Take the data below and filter it for lines containing the word "design"; show each line found.

━━━ ENTRIES SHOWN

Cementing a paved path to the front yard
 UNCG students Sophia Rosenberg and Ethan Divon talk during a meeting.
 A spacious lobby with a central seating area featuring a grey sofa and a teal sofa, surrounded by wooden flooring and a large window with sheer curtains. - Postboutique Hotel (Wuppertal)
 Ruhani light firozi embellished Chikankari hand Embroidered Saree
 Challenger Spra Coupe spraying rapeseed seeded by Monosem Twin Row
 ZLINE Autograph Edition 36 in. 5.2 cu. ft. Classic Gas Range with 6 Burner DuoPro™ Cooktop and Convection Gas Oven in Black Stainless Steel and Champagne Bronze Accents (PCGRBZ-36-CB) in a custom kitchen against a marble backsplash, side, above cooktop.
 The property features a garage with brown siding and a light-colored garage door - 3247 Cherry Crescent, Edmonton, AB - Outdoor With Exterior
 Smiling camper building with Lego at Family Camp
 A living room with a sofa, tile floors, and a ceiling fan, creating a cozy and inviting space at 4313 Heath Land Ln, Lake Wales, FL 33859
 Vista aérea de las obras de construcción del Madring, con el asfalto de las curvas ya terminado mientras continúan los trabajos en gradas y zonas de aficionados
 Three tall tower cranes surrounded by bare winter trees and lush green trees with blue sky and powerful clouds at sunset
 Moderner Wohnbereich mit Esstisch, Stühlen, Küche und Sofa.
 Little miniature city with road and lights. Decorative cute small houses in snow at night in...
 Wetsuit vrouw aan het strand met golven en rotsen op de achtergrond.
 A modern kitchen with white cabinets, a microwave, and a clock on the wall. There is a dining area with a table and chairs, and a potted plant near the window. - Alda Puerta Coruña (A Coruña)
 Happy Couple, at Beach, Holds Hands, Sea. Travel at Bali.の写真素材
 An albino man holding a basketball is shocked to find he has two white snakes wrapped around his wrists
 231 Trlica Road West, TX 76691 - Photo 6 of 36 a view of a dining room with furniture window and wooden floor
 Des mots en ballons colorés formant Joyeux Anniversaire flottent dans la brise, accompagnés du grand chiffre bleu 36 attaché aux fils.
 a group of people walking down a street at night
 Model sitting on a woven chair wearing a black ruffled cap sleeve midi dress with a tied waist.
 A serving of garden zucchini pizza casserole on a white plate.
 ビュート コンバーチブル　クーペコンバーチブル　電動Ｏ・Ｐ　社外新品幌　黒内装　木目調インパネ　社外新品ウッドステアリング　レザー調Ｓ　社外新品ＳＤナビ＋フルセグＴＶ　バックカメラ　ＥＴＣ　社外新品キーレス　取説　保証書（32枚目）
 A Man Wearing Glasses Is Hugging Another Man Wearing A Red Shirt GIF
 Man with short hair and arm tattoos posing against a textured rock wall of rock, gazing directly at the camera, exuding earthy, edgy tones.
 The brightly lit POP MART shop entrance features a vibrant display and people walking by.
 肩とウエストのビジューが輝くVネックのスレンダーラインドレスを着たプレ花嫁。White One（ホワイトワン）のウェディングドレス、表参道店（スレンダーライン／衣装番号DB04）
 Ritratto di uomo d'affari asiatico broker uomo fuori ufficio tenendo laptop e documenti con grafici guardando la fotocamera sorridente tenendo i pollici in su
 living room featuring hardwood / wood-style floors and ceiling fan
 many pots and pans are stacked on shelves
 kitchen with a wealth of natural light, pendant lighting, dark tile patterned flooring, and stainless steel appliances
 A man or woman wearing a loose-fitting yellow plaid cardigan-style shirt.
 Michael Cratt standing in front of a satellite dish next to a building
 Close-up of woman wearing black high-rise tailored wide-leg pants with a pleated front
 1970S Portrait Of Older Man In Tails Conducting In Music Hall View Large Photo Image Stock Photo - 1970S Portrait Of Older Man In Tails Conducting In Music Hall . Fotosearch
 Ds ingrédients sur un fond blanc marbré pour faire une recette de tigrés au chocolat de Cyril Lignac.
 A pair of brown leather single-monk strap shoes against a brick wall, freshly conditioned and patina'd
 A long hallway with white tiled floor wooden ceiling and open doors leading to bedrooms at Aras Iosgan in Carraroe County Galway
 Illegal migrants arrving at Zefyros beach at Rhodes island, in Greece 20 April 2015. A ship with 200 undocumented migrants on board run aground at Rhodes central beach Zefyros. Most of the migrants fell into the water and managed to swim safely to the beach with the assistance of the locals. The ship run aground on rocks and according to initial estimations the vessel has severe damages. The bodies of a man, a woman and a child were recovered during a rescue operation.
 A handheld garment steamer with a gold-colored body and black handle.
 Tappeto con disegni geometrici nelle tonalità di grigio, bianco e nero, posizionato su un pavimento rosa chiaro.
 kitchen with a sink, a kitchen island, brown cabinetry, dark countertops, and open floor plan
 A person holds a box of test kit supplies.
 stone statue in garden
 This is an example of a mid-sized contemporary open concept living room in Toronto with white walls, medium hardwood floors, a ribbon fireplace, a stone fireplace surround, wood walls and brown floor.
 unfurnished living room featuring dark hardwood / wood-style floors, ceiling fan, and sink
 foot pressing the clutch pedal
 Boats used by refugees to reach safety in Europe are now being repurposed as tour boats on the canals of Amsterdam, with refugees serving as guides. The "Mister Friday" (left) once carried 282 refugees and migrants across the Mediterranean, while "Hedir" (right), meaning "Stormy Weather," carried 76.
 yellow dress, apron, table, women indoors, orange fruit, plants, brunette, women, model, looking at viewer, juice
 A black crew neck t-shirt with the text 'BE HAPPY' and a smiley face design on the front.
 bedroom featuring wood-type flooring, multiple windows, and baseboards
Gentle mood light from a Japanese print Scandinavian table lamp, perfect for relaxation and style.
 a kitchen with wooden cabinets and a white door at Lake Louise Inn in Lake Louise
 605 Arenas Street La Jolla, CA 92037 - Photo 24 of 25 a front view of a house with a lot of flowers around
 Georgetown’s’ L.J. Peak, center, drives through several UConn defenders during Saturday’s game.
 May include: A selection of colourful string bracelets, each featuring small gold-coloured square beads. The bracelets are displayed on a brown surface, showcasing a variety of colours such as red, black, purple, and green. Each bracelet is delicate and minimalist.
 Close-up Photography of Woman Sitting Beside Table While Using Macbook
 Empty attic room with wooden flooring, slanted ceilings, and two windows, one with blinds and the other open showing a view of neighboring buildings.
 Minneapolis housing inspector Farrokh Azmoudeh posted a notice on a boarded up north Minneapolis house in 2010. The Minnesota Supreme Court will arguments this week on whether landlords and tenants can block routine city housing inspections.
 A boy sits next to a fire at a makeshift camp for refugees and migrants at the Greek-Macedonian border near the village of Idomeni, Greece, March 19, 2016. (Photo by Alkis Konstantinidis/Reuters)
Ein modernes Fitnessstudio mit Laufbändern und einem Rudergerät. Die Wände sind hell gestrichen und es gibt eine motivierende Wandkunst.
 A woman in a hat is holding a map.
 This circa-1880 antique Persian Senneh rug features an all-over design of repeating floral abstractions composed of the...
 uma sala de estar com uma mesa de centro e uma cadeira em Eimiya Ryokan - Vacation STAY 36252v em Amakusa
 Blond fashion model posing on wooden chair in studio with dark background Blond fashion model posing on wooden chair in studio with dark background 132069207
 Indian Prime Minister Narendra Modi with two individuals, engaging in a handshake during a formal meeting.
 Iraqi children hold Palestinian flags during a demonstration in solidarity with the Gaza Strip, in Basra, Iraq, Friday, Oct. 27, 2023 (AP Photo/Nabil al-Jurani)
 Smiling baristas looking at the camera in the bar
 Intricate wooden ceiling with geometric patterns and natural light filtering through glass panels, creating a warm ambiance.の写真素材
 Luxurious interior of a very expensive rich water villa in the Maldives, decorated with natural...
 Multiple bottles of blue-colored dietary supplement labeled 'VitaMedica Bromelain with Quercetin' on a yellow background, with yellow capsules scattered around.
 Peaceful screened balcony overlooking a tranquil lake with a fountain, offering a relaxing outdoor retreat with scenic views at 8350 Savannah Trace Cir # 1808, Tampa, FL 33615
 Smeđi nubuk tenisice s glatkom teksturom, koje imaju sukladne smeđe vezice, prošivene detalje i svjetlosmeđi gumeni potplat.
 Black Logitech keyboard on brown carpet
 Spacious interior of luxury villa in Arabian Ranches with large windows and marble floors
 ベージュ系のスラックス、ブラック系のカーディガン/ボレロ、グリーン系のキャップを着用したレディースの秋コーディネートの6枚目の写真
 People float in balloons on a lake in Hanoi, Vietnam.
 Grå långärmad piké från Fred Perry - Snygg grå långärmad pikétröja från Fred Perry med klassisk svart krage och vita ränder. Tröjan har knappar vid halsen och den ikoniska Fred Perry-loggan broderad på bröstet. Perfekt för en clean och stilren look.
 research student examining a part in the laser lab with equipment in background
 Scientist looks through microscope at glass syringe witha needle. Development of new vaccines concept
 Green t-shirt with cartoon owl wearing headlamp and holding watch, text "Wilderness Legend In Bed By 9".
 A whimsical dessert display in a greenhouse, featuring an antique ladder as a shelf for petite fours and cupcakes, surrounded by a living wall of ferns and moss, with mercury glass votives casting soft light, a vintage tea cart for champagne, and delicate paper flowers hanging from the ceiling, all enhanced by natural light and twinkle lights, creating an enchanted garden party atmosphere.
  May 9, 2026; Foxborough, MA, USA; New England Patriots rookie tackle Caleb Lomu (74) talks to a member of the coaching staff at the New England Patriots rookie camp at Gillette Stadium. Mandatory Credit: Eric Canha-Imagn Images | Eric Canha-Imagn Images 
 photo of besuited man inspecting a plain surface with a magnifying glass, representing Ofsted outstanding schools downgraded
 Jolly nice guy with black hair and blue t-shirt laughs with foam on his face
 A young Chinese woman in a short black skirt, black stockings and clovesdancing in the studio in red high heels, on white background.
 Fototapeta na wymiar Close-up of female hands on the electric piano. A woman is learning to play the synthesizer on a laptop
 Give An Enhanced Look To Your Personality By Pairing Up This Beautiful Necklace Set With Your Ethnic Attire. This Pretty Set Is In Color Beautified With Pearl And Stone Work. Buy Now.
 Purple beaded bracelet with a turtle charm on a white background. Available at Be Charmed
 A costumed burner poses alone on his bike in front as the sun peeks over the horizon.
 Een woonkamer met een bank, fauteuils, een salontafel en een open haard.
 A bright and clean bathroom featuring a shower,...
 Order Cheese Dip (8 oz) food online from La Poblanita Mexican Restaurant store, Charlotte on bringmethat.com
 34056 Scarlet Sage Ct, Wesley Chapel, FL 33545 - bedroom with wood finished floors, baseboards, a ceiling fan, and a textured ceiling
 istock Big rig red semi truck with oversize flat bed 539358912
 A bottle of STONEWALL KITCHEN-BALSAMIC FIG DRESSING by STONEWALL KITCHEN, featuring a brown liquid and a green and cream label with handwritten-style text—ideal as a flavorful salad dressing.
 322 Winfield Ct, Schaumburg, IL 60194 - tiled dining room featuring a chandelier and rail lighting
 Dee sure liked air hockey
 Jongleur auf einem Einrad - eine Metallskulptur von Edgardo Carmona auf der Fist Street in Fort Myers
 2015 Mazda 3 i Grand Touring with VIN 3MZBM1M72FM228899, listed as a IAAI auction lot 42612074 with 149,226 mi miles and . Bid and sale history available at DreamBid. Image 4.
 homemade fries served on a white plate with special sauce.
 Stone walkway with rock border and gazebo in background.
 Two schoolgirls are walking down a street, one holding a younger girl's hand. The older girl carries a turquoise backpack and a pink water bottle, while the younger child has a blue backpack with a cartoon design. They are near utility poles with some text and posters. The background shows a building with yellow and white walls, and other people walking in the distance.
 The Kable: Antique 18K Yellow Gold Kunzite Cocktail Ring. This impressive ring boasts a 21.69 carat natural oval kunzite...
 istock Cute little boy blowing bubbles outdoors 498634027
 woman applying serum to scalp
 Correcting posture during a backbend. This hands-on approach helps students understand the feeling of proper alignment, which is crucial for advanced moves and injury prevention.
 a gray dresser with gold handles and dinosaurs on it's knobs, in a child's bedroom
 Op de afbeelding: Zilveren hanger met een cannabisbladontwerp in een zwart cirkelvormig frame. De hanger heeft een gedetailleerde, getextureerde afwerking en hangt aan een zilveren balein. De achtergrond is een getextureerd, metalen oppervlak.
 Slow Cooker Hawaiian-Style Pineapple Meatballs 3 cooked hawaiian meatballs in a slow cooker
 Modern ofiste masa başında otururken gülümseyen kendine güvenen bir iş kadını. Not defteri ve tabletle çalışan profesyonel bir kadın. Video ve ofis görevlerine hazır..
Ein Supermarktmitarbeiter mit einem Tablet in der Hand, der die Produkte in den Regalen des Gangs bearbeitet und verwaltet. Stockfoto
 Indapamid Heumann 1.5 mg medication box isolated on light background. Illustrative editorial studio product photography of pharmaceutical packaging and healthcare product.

━━━━━━

*EXPECTED ANSWER:*
 A black crew neck t-shirt with the text 'BE HAPPY' and a smiley face design on the front.
 This circa-1880 antique Persian Senneh rug features an all-over design of repeating floral abstractions composed of the...
 Two schoolgirls are walking down a street, one holding a younger girl's hand. The older girl carries a turquoise backpack and a pink water bottle, while the younger child has a blue backpack with a cartoon design. They are near utility poles with some text and posters. The background shows a building with yellow and white walls, and other people walking in the distance.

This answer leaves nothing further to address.